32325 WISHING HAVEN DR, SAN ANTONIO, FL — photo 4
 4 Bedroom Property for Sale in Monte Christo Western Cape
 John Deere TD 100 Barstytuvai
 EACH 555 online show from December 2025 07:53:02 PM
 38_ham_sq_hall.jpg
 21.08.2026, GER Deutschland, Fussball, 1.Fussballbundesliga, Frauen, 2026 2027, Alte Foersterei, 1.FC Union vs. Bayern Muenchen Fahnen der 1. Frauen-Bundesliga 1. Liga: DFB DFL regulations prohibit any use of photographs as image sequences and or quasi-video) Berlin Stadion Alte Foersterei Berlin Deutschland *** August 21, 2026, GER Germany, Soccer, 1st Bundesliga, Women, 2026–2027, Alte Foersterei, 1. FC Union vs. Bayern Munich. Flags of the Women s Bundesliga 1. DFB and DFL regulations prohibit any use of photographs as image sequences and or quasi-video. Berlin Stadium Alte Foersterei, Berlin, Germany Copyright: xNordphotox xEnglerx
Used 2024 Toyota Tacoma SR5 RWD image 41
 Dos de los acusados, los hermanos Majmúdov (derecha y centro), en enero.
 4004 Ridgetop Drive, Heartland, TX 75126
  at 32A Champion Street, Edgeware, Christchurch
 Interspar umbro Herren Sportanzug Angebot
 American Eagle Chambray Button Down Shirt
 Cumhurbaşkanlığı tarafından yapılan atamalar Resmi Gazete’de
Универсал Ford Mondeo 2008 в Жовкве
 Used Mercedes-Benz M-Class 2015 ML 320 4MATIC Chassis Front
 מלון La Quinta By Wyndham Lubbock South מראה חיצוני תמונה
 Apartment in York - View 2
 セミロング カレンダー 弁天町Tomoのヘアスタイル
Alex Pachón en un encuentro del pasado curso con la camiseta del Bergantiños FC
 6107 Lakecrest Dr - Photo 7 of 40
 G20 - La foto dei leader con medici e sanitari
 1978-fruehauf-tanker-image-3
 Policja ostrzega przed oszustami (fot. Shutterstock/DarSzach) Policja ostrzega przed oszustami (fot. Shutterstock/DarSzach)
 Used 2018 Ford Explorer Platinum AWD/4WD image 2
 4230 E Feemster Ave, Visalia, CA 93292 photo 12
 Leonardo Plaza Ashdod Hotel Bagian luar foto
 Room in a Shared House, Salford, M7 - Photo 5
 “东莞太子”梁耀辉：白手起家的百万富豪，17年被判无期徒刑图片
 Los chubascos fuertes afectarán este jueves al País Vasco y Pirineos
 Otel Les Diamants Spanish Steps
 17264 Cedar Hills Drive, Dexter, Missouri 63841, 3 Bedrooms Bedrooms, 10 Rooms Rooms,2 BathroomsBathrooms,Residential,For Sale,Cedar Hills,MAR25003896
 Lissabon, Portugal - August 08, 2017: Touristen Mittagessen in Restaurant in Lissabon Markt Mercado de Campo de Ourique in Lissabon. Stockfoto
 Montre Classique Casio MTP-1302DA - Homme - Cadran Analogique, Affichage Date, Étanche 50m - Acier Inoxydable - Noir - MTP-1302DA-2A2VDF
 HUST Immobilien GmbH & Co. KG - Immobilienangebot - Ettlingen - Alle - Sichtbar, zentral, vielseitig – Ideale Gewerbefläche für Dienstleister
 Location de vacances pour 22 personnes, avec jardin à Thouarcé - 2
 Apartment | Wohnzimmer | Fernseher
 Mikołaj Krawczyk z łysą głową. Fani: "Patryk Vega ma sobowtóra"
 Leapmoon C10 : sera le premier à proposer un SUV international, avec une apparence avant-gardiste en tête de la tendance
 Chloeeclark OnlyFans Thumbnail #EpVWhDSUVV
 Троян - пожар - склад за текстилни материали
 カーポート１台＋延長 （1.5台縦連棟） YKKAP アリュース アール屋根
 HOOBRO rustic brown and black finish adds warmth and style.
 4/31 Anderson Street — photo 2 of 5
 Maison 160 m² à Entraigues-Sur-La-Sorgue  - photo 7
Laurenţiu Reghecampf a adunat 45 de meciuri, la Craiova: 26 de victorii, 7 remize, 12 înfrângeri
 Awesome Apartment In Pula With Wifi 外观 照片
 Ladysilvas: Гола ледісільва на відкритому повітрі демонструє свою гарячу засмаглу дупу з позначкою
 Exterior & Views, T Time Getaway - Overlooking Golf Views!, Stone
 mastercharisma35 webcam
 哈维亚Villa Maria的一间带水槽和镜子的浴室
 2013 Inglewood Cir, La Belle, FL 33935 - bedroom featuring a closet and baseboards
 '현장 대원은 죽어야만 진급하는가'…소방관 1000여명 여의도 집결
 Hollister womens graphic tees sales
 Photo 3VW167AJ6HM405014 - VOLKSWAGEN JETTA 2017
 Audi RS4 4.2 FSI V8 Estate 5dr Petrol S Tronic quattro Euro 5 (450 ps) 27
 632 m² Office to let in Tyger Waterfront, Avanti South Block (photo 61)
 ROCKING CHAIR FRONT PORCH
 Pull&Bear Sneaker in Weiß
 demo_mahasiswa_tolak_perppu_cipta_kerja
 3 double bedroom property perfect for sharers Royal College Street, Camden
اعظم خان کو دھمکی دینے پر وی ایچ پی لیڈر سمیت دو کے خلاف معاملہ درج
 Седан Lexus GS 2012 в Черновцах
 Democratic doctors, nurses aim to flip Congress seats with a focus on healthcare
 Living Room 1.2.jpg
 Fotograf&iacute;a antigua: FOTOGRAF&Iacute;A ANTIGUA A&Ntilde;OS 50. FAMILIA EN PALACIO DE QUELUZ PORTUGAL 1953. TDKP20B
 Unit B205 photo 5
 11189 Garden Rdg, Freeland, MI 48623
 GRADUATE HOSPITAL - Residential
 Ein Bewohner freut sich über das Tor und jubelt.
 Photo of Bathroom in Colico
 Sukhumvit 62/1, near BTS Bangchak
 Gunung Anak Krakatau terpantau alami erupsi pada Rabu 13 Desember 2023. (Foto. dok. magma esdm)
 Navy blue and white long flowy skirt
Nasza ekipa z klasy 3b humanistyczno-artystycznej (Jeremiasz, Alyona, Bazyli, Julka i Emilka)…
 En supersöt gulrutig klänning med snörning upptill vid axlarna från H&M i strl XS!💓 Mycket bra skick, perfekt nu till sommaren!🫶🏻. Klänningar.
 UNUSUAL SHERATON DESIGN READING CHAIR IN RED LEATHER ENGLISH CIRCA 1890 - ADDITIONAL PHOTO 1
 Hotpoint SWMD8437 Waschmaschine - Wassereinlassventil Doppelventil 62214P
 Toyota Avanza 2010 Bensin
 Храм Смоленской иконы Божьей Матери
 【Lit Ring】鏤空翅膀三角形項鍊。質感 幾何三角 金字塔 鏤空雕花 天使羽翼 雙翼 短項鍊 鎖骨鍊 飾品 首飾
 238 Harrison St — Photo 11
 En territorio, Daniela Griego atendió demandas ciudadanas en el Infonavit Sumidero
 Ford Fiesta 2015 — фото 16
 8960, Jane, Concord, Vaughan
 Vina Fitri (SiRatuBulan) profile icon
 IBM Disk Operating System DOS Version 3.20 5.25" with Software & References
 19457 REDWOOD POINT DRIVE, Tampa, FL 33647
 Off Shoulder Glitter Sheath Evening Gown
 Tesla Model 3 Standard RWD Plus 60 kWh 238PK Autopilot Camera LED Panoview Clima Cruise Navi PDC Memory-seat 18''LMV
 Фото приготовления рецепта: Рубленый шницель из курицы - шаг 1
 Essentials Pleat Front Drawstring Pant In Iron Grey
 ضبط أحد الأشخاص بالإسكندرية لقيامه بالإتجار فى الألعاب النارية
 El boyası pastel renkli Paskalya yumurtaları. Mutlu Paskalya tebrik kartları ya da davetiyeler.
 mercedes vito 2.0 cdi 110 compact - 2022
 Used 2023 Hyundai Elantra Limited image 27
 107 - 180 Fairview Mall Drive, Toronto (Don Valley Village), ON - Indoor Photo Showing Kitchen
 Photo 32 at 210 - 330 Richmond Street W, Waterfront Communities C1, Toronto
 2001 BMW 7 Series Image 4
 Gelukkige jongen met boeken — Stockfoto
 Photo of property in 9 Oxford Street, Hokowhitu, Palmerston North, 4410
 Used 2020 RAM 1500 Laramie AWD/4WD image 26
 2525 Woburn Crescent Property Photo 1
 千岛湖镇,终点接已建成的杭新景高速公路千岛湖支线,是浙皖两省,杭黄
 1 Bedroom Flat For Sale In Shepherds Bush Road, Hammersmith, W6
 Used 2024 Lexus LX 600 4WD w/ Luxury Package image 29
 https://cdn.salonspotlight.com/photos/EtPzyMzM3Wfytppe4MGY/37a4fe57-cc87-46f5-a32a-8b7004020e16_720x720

What you have to do: The required output is the entries from their opening line through the line holding "38_ham_sq_hall.jpg", repeated exactly, with both end lines kept.

Output below:
32325 WISHING HAVEN DR, SAN ANTONIO, FL — photo 4
 4 Bedroom Property for Sale in Monte Christo Western Cape
 John Deere TD 100 Barstytuvai
 EACH 555 online show from December 2025 07:53:02 PM
 38_ham_sq_hall.jpg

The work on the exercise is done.